Chatto & Windus, £10.99

Review by Malcolm Forbes

SUSAN Hill’s latest novel is a departure from her whodunnits and ghost stories. As a coming-of-age tale, From The Heart delivers neither thrills nor chills. What it does, though, with great skill and poignancy, is chart “the shift from being a girl to being a woman” and the devastation that ensues from bad judgement, wrong decisions and illicit desires.

In the first half of the book, Hill sketches the formative years of her unassuming protagonist in 1950s England. Olive Piper is a plain but popular 17-year-old preparing for her A Levels. She gets into university where she pursues her passion for literature and meets the leading man in a play who asks her out. So far so unremarkable. But innocent, too-trusting Olive becomes pregnant. No longer can she allow herself to be blithely buffeted along by unseen forces: finally she has to take charge and forge her own way.

And so the “looker-on” who was content to skulk around backstage is thrust into the glaring limelight. After weighing up her limited options, Olive takes refuge at St Jude’s, a home for unmarried mothers. There she gives birth to a baby boy who is swiftly taken from her and given up for adoption. Finding her feet again, she secures a job teaching English at a school for girls. But her equilibrium is soon threatened again, first by a debilitating illness and then by her love for an older, female colleague. Can she stay sane and happy while faced with the dual threat of public scandal and private heartache?
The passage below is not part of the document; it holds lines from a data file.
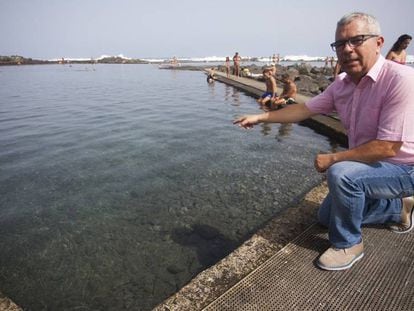 Sebastián Quintana, junto a la piscina natural donde sufrió un semiahogamiento.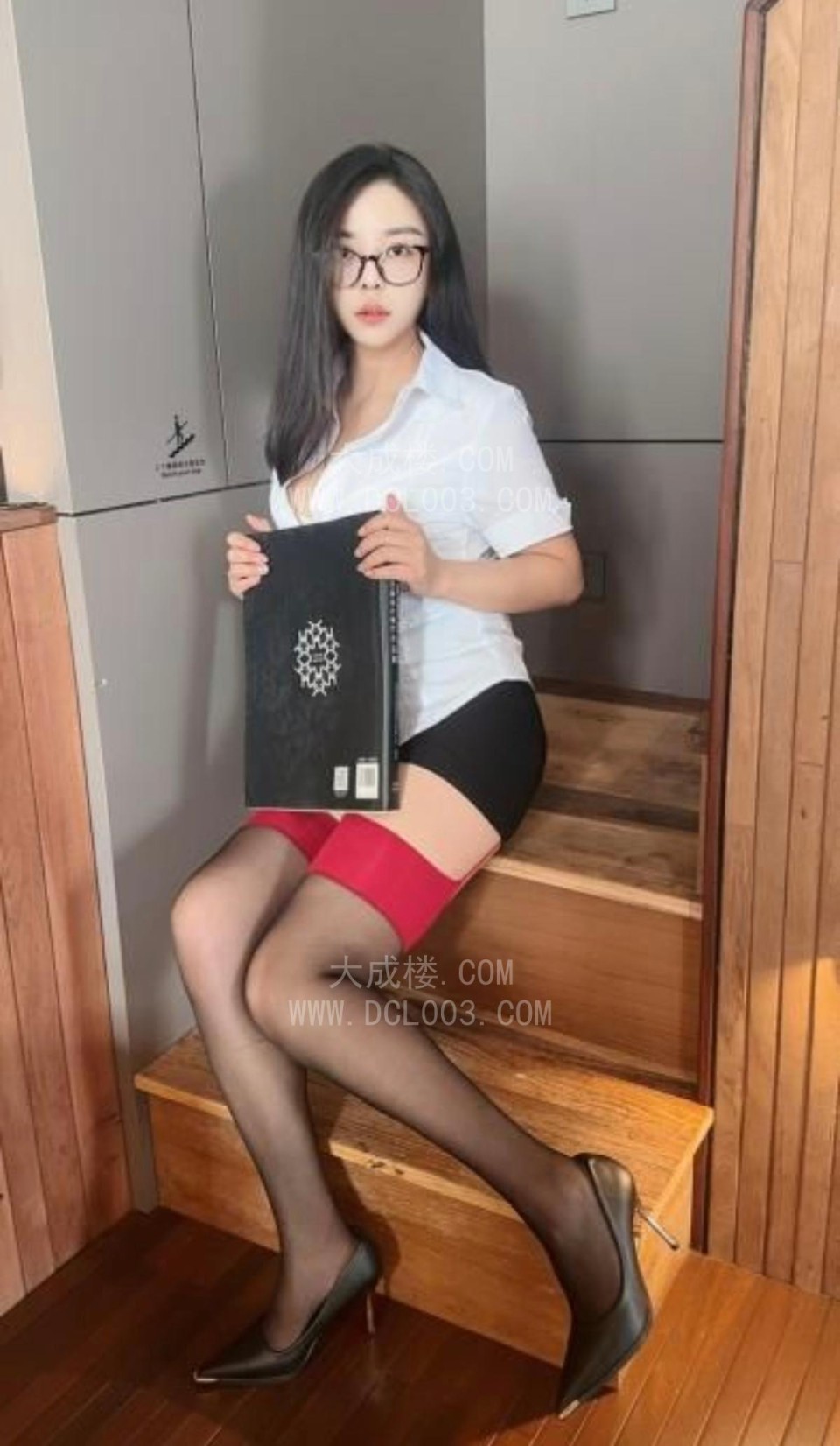 越秀大长腿小鱼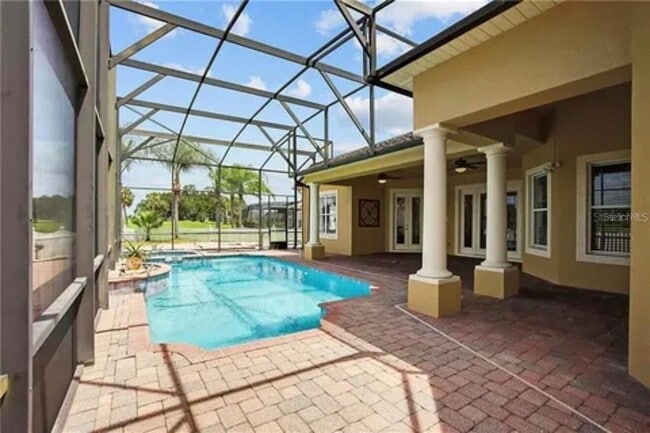 Building Photo - 2120 Bunker View Ct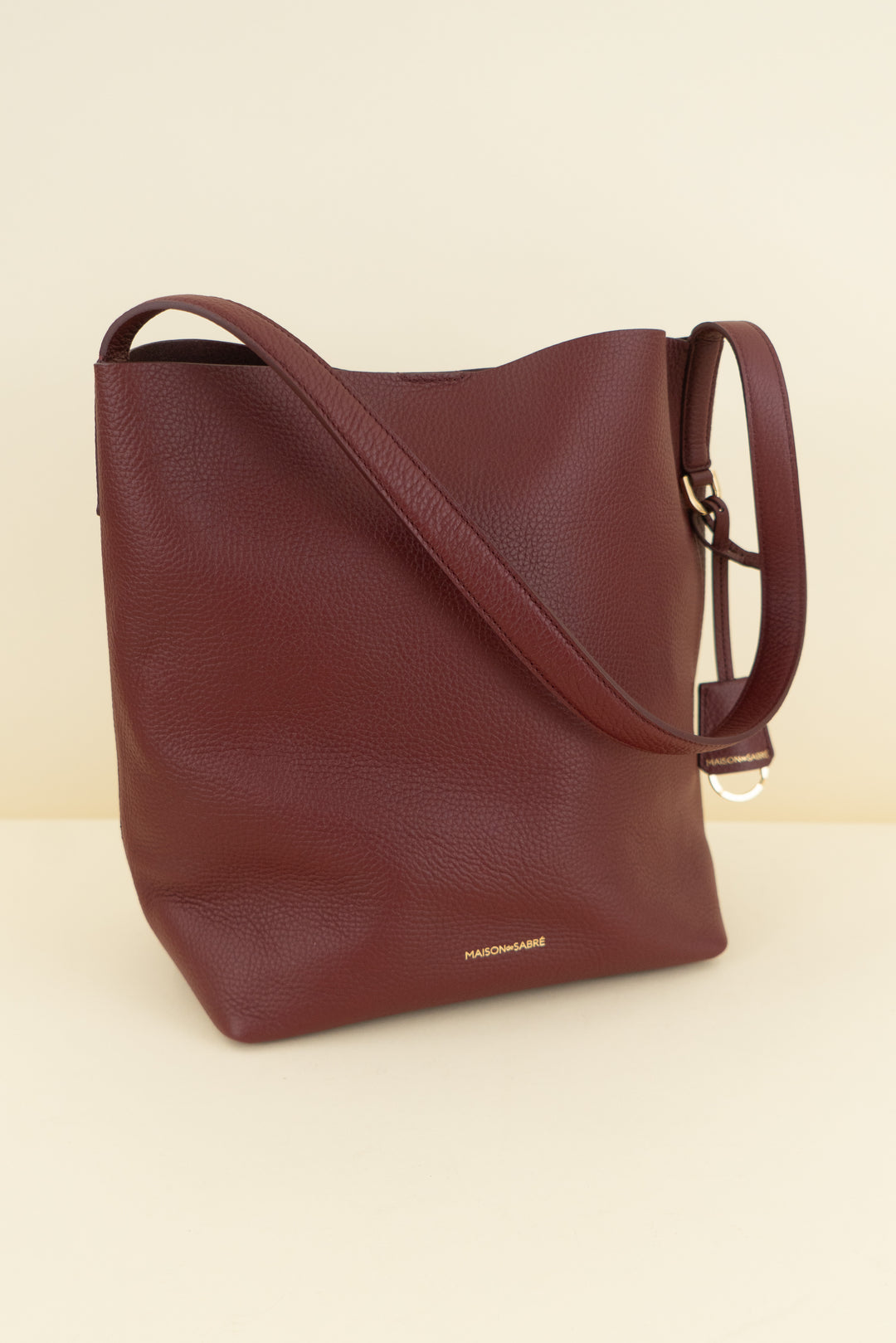 maison de sabre burgundy leather bucket bag (retail $528)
This novel finds Hill with a different agenda. Unable to spook or perplex her reader, she sets out to move us. So well drawn is her heroine, and so keenly realised her predicaments and misfortunes, that we feel for her at every turn. With trademark crisp, poised prose, Hill expertly articulates Olive’s panic as she flees alone to a dead-end, out-of-season seaside resort; her helplessness when up against unsympathetic doctors; her fear of developing a bond with her baby son (“Don’t let yourself love,” is advice she can’t heed); and her wrenching pain when at last she loses him.

From The Heart is about choices and their consequences. At one moment, Olive sits down with her large, “well corseted” stepmother and asks her two pertinent questions: “Do you feel that you made the right choice? Is this the life you wanted?” With these questions in mind, we follow Olive as she goes from a young, carefree ingénue able to choose what she studies and who she loves, to a woman afflicted with scars and regrets, who learns the hard way that society dictates just how free she can be. In her case, and in her time, her freedom of choice is cruelly restricted.

In her last pages, Hill sneaks in if not a twist then a nasty surprise. It makes for a fitting end to a captivating book, one rich with subtle and sudden drama.